#### Work instruction:
From the listing below, reproduce exactly the lines starting with the one with "outdoor swivel rocker" and going on through the one with "Camshaft Alignment Timing", both ends kept. No picture is copied.

#### Records for the task:
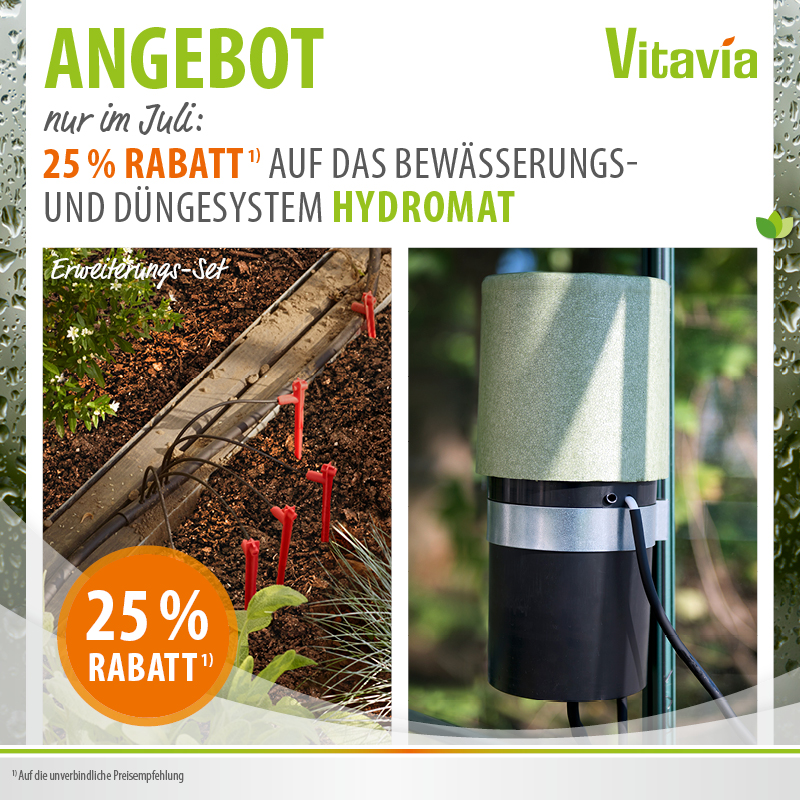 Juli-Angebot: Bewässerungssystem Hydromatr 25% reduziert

==

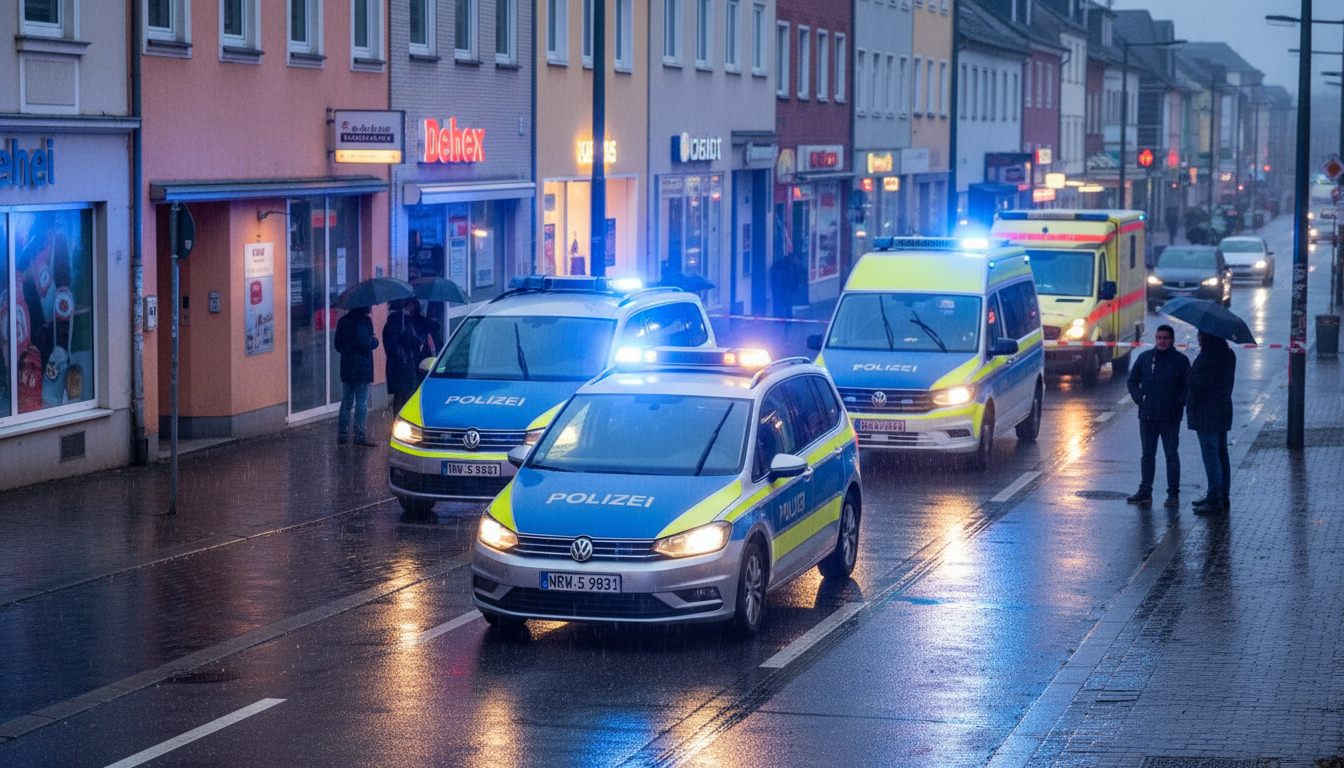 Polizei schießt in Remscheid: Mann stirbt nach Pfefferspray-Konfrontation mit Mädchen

* * *

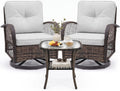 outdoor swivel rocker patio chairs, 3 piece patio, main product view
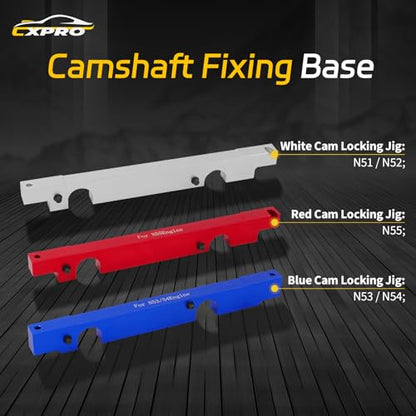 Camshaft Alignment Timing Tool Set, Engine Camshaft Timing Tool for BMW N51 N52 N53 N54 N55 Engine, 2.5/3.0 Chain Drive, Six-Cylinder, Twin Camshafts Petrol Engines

#### Finished exercise:
 outdoor swivel rocker patio chairs, 3 piece patio, main product view
 Camshaft Alignment Timing Tool Set, Engine Camshaft Timing Tool for BMW N51 N52 N53 N54 N55 Engine, 2.5/3.0 Chain Drive, Six-Cylinder, Twin Camshafts Petrol Engines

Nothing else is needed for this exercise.